M. Muhayimana était en 1994 chauffeur de l'hôtel Guest House à Kibuye, sur les rives du lac Kivu.
Il est accusé de "complicité" de génocide et de crimes contre l'humanité pour avoir "aidé et assisté sciemment" des miliciens en assurant à plusieurs reprises leur transport sur les lieux de massacres dans la préfecture de Kibuye, les collines de Karongi, Gitwa et Bisesero (ouest), où des dizaines de milliers de personnes ont été exterminées dans des conditions effroyables.
Ces miliciens, armés de machettes, gourdins, houes et appelés "Interahamwe" ("ceux qui travaillent ensemble" en kinyarwanda) ont été les principaux bras armés du génocide contre la minorité tutsie, orchestré par le régime extrémiste hutu et qui a fait plus de 800.000 morts d'avril à juillet 1994.
M. Muhayimana, qui encourt la réclusion criminelle à perpétuité, est réfugié en France, dont il a obtenu la nationalité en 2010.Cantonnier à la mairie, il vit à Rouen (nord-ouest).Il y avait été arrêté en 2014, un an après l'ouverture d'une enquête initiée par une plainte du Collectif des parties civiles pour le Rwanda (CPCR), qui lutte contre l'impunité et la présence en France de présumés génocidaires rwandais.
Le procès qui s'est ouvert devant la cour d'assises de Paris, après dix ans de procédure et deux reports à cause de la crise sanitaire, durera près d'un mois, avec l'audition d'une cinquantaine de témoins, dont une quinzaine viendront du Rwanda.
Sa singularité est qu'il juge un citoyen ordinaire, et non une personnalité ayant eu des fonctions politiques, administratives ou militaires pendant les tueries.
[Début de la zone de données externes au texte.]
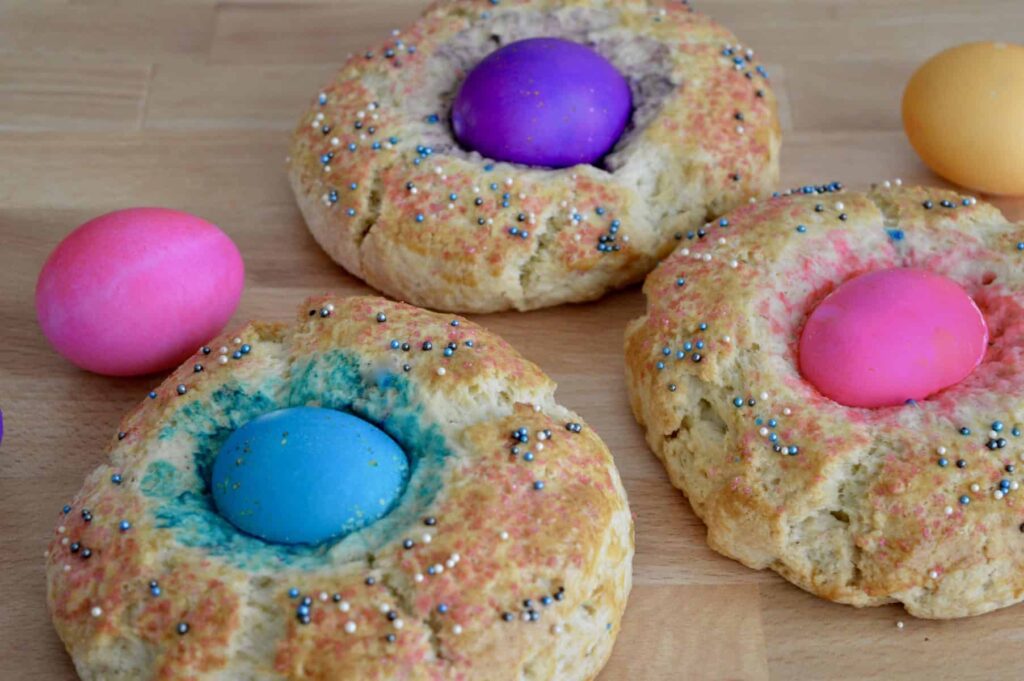 Italian Easter Bread with colored eggs in the middle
Les deux précédents procès ont vu la condamnation à perpétuité de deux anciens bourgmestres et à 25 ans de prison d'un ex-capitaine de l'armée.
"On a affaire à un homme ordinaire, un Monsieur tout le monde, qui n'avait aucune autorité civile, militaire ou religieuse et qui a été placé dans le chaos que l'on connaît", a déclaré à la presse l'un des avocats de l'accusé, Philippe Meilhac, avant l'ouverture du procès.
"Il aura l'occasion de s'expliquer longuement.Nous comptons bien le faire acquitter complètement, il est innocent de ce qu'on lui reproche", a martelé Me Meilhac.
- "Maillons du mécanisme" -
Pour sa part, Alain Gauthier, cofondateur du CPCR, se "refuse" à "parler de gros ou de petit poisson"."On est dans le cas d'un génocide, on ne parle pas de petit poisson".
"Tous les maillons du mécanisme de la chaîne qui ont conduit au génocide sont importants; il n'y avait plus d'échelons" dans ce contexte, a lancé de son côté avant l'audience Richard Gisagara, avocat de l'une des parties civiles aux côtés du CPCR.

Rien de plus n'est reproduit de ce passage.